Section 73 of the Companies Act, 2013

Section 73 of the Companies Act, 2013 deals with the acceptance of deposits by companies from the public and members.

Section 73 – Prohibition on Acceptance of Deposits from Public

1. General Prohibition:

A company cannot accept deposits from the public except as provided under Chapter V of the Companies Act, 2013 (which includes Sections 73 to 76A).

2. Acceptance from Members:

A company may accept deposits from its members (i.e., shareholders), subject to the following conditions:

(a) Resolution:

A resolution must be passed in a general meeting of the company.

(b) Issuance of Circular:

The company must issue a circular to its members containing:

Financial position

Credit rating

Total number of depositors

Amount due toward previous deposits

Any other prescribed particulars

(c) Filing with ROC:

A copy of the circular must be filed with the Registrar of Companies (ROC) at least 30 days before the issue.

(d) Deposit Repayment Reserve Account:

The company must deposit at least 20% of the amount of deposits maturing during the following financial year in a separate bank account called the Deposit Repayment Reserve Account.

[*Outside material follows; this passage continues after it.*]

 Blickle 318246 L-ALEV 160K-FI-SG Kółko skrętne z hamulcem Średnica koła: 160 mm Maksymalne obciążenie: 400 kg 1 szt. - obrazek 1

(e) Certification of No Default:

The company must certify that it has not defaulted in repayment of deposits or interest.

(f) Deposit Insurance (if applicable)

3. Penalty for Contravention:

If a company accepts or invites deposits in violation of this section:

The company and its officers may face heavy penalties, including fines and imprisonment.

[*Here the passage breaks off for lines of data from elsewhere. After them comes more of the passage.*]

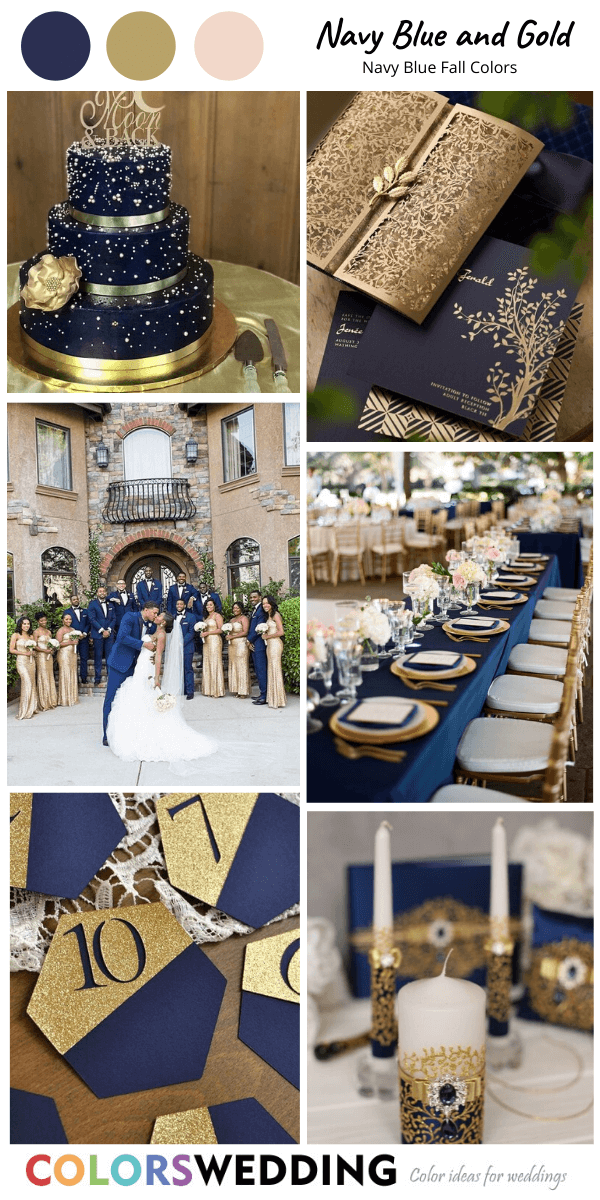 navy blue fall wedding colors navy blue and gold
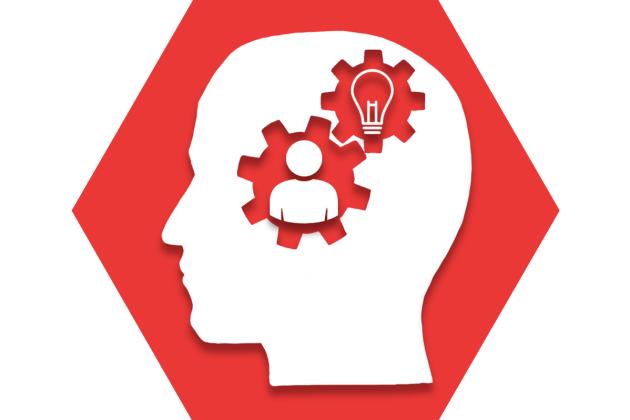 Hexagon with red background showing outline of a brain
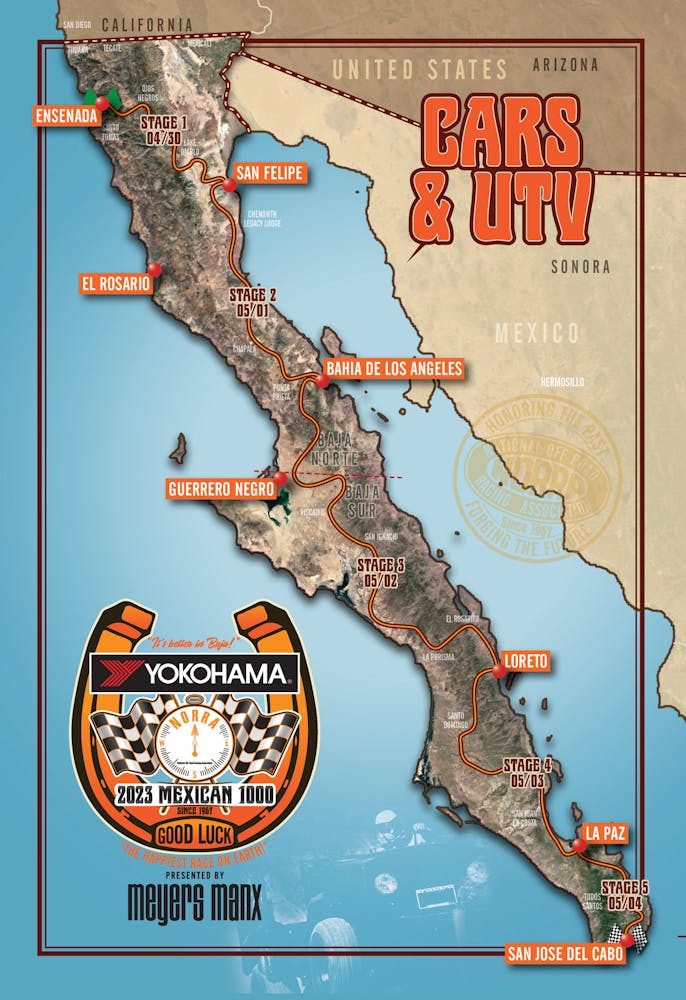 Race course from Ensenada to San Jose Del Cabo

Depositors can approach NCLT (Tribunal) for repayment.

🚫 Exceptions – Who Can Accept Public Deposits:

Banking companies

NBFCs (regulated by RBI)

Other specified companies (as per rules and exemptions notified by the government)

🎯 Objective of Section 73:

To protect investors and ensure that companies do not misuse public funds or collect deposits without adequate financial discipline.